Reputation: 115
I am attempting to use the Cosmos DB Data Migration tool to import from SQL Server 2014 to DocumentDB. The following is a sample SELECT statement:
SELECT
Sales.SalesOrderNumber AS [ID]
, Product.ProductName AS [Product.Name]
, Product.UnitPrice AS [Product.Price]
, Sales.SalesQuantity AS [Product.Quantity]
FROM ContosoRetailDW.dbo.FactOnlineSales AS Sales
JOIN ContosoRetailDW.dbo.DimProduct AS Product ON Product.ProductKey = Sales.ProductKey
WHERE Sales.SalesOrderNumber IN ('20070326214955','20070220416329')
ORDER BY Sales.SalesOrderNumber;
Here is a sample rowset from the above query. I have added Product. prefix to the DimProduct related columns, because I want Product to be a nested collection.
ID Product.Name Product.Price Product.Quantity
-------------------- ------------------------------------------------ --------------------- ----------------
20070207721039 MGS Hand Games women M400 Yellow 8.99 1
20070207721039 Adventure Works 26" 720p LCD HDTV M140 Silver 469.97 1
20070326214955 Adventure Works 20\" Analog CRT TV E45 Brown 200 1
20070326214955 Contoso 4G MP3 Player E400 Silver 59.99 1
Given the above sample rowset, here is an example of how I want my JSON document to be formatted:
[
{
"ID": "20070220416329",
"Products": [
{
"ProductName": "Contoso Mini Battery Charger Kit E320 Silver",
"Price": 24.99,
"Quantity": 1
},
{
"ProductName": "Adventure Works 26\" 720p LCD HDTV M140 Silver",
"Price": 469.97,
"Quantity": 1
}
]
},
{
"ID": "20070326214955",
"Products": [
{
"ProductName": "Adventure Works 20\" Analog CRT TV E45 Brown",
"Price": 200,
"Quantity": 1
},
{
"ProductName": "Contoso 4G MP3 Player E400 Silver",
"Price": 59.99,
"Quantity": 1
}
]
}
]
The problem is that each row is getting inserted a separate document, meaning (4) documents instead of (2), where Product is a nested document rather than a nested collection.
How do I accomplish what I'm trying to do?
Upvotes: 4
Views: 696
Reputation: 23782
According to the sample on the official document , the nesting separator property is used to create hierarchical relationships (sub-documents) during import. However , generating array does not appear to be supported.
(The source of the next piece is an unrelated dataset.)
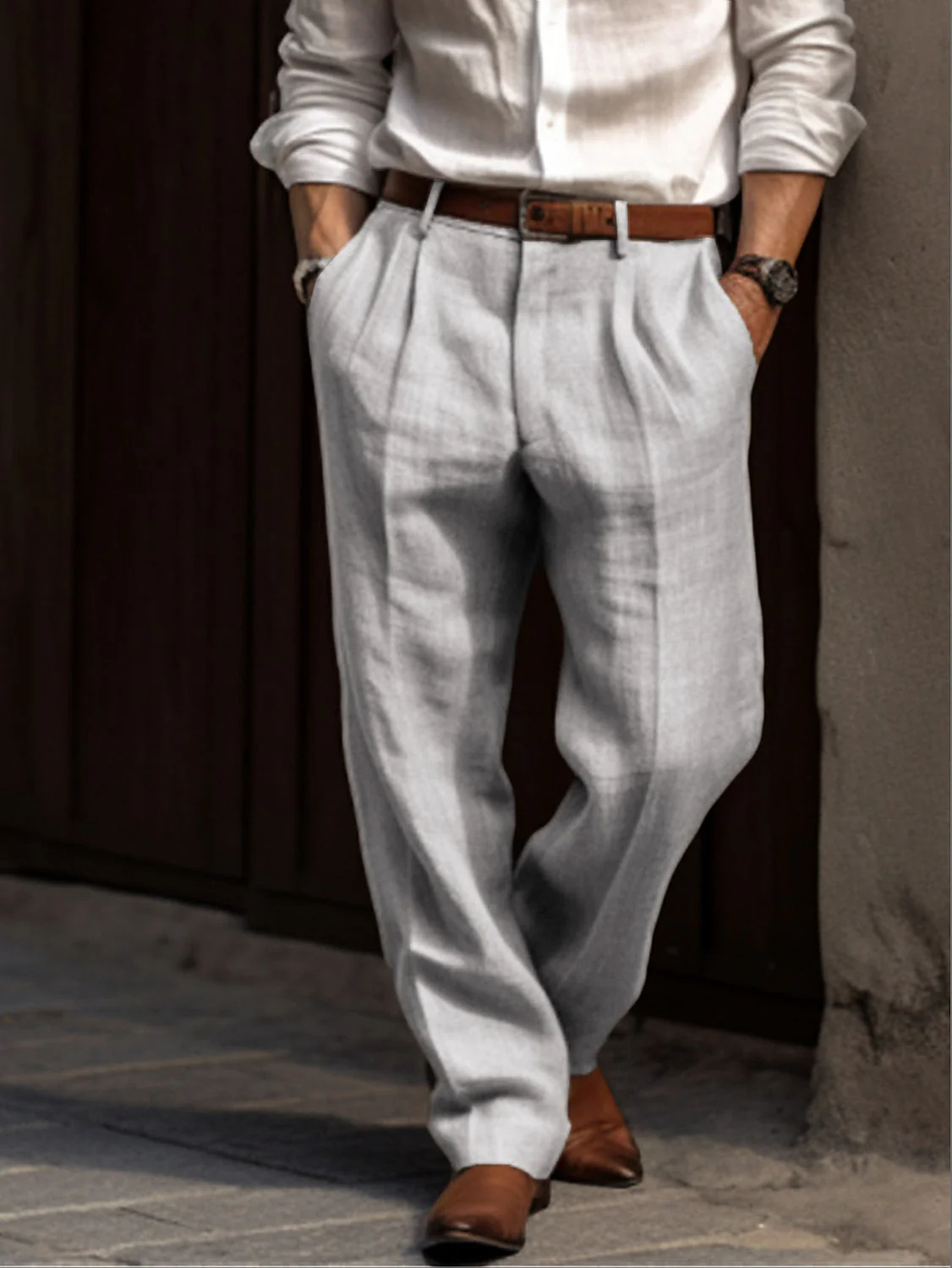 Breathable men's pleated linen trousers – classic design, linen-cotton blend, for casual and formal occasions - Image 2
So , I suggest you querying the data from the SQL database and assemble it into the JSON data you want, then write to the JSON file and import the JSON file directly through the Data Migration tool.
query data python code:
import pyodbc
import os
from os.path import join as pjoin
import json
cnxn = pyodbc.connect('DRIVER={ODBC Driver 13 for SQL Server};SERVER=***.database.windows.net;DATABASE=***;UID=***;PWD=***')
cursor = cnxn.cursor()
cursor.execute("select * from dbo.test")
rowList = cursor.fetchall()
My sample json data:
[{
"name": "jay",
"courses": [{
"course": "maths",
"score": 100
}, {
"course": "history",
"score": 80
}]
}, {
"name": "peter",
"courses": [{
"course": "maths",
"score": 100
}, {
"course": "history",
"score": 80
}]
}]
assemble json data java code:
boolean flag = true;
List list= new ArrayList();
String nameIndex = "";
JSONObject obj = new JSONObject();
while(rs.next()){
String name = rs.getString("name");
String course = rs.getString("course");
int score = rs.getInt("score");
if(!name.equals(nameIndex)){
if(!flag){
list.add(obj);
obj = new JSONObject();
flag = false;
}
obj.put("name",name);
List cources= new ArrayList();
JSONObject objSub = new JSONObject();
objSub.put("course",course);
objSub.put("score",score);
courses.add(objSub);
obj.put("courses",courses);
}else{
List courses= (List)obj.get("courses");
JSONObject objSub = new JSONObject();
objSub.put("course",course);
objSub.put("score",score);
cources.add(objSub);
obj.put("cources",cources);
}
}
return list;
write data into json.file:
name_emb = {'your json string'}
output_dir = 'E:/'
listdir = os.listdir(output_dir)
if 'test.json' in listdir:
fr = open(pjoin(output_dir, 'test.json'), 'a')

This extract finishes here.